A few years back, I overdosed on Tudor fiction, but in recent months I’ve been craving the drama, court intrigue, and ever-present bedroom battles that come along with Henry VIII and his wives. What I like about THE TUDOR SECRET is that it isn’t told from the perspective of the royal household, but from a 20-year-old with a blank past who is unceremoniously thrown into court life with the intent of letting it devour him.
Brendan Prescott knows nothing of his past other than he was abandoned as a baby, and Mistress Alice, a woman who worked as a maid for the wealthy Dudley household, raised him. A child with no background or family, he knows only too well his lowly place in the household and society at large. His hopes rise no higher than someday being a squire or a steward, and even those positions don’t hold much interest for him. He would rather spend his days in the barn with the horses. When he is called to court by Lady Dudley to be a squire to her oldest son, Robert, his hopes of a peaceful life among horses are forgotten.
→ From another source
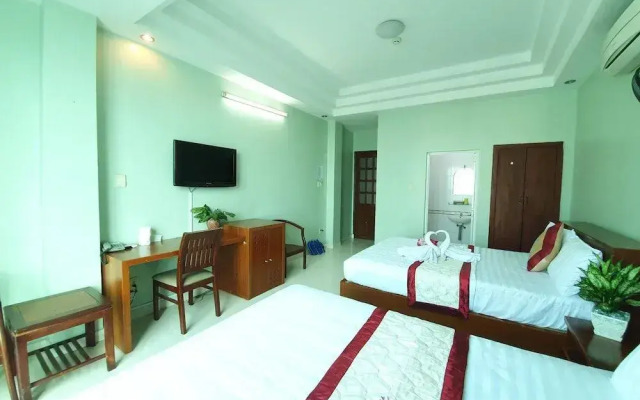 Tan Truong Son Hotel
Knowing nothing of court life and with no one willing to teach him, he is left alone among the court sharks looking to use him for their own gain, his Master Robert included. Robert promptly engages Brendan in court escapades that involve setting up a liaison with Princess Elizabeth, with whom he is in love. Brendan manages to find the Princess and deliver the message, but he slowly begins to understand that nothing about court life is ever secret. Pulled unwillingly into a spy ring, Brendan becomes privy to the lives of his masters in ways he never imagined and ends up a double agent working not only for Master Robert but also to keep Princess Elizabeth safe and help her sister, Mary, become Queen.
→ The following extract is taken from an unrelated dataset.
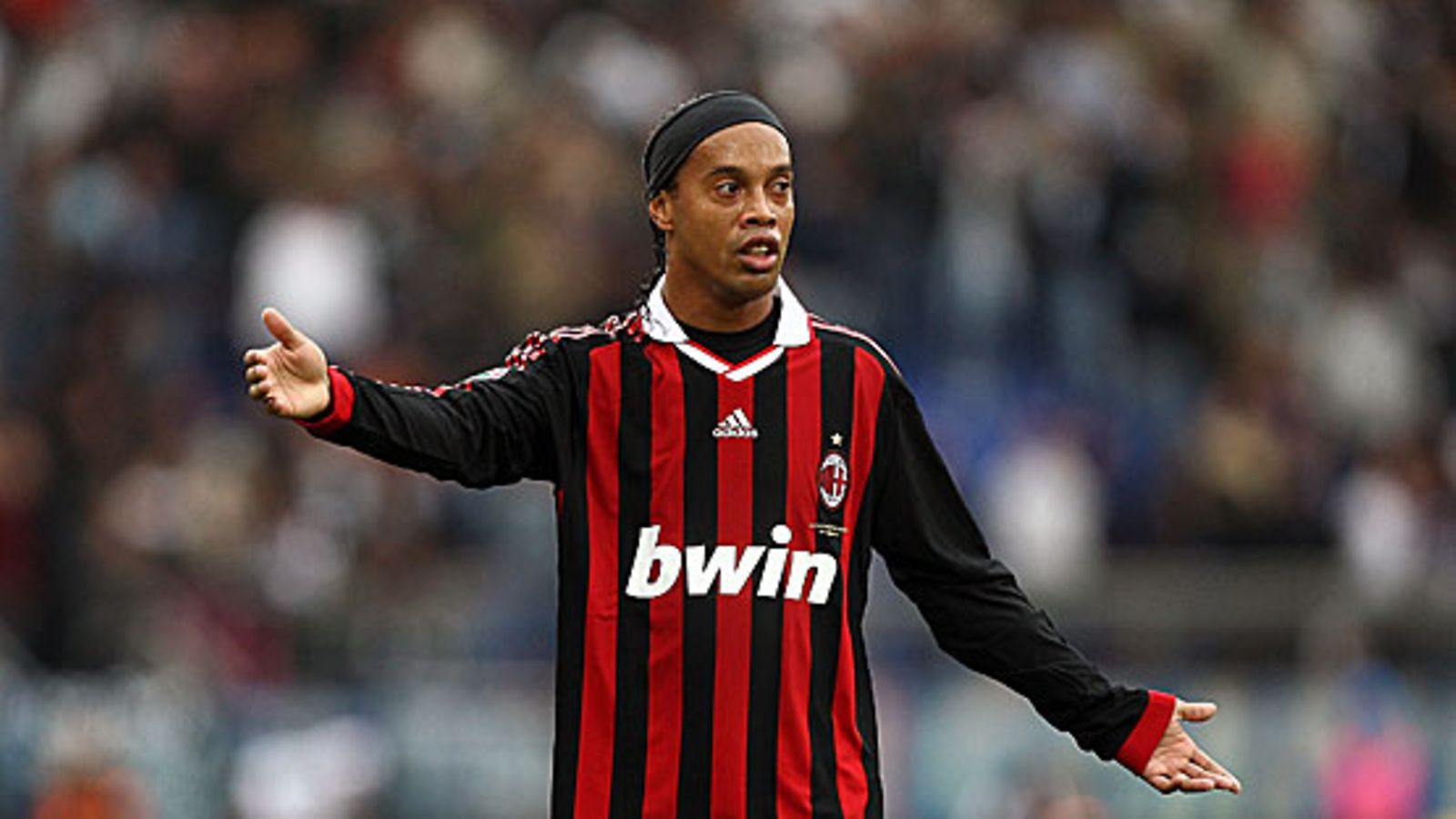 Ronaldinho AC Milanin paidassa. Kuva: Paolo Bruno/GETTY.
It is Brendan’s past, though, that keeps him involved long after he wants nothing more than to walk away. He wants to know who abandoned him that night so long ago, but his real concern is for the Princesses Mary and Elizabeth. They are targets of people who want nothing more than to overthrow them and convince their brother Edward that neither are true heirs to the throne.
Court intrigue and espionage are always terms that are mandatory when talking about the Tudors. The spying, backstabbing and face-to-face pleasantries while secretly whispering lies behind a person’s back are well-known traits of this family and the court they created. It’s also what makes them all so much fun to read about. The fodder they have provided for future generations is enormous, and I think that’s why, while I might need a break to recover from the tension of crown politics, I never entirely tire of the Tudors. C.W. Gortner zeroes in on this tension, and the moment that Brendan arrives at court, he starts to ramp it up, making you turn pages and wanting desperately to know what comes next. Telling the story from an outsider’s point of view also makes the character of Elizabeth much more interesting. She’s well-known but an enigma to Brendan, which adds freshness to a character who can feel stiff and sometimes a little standoffish.
Covering about two weeks worth of time, the story does feel a bit forced in places, though, and in particular Brendan, who, while understanding nothing of the Tudor court, manages to become involved and an integral part of a spy ring. He blunders too much in the beginning, and to see him mature so quickly and in a mere matter of days feels unlikely. But he’s somehow still very likable, and that’s what makes it work. He doesn’t immediately grasp the implications of every move made at court, and that sets him apart from the others and you can’t help but side with him. If you’re looking for a book that will pull you back into the Tudors, this one is a good choice.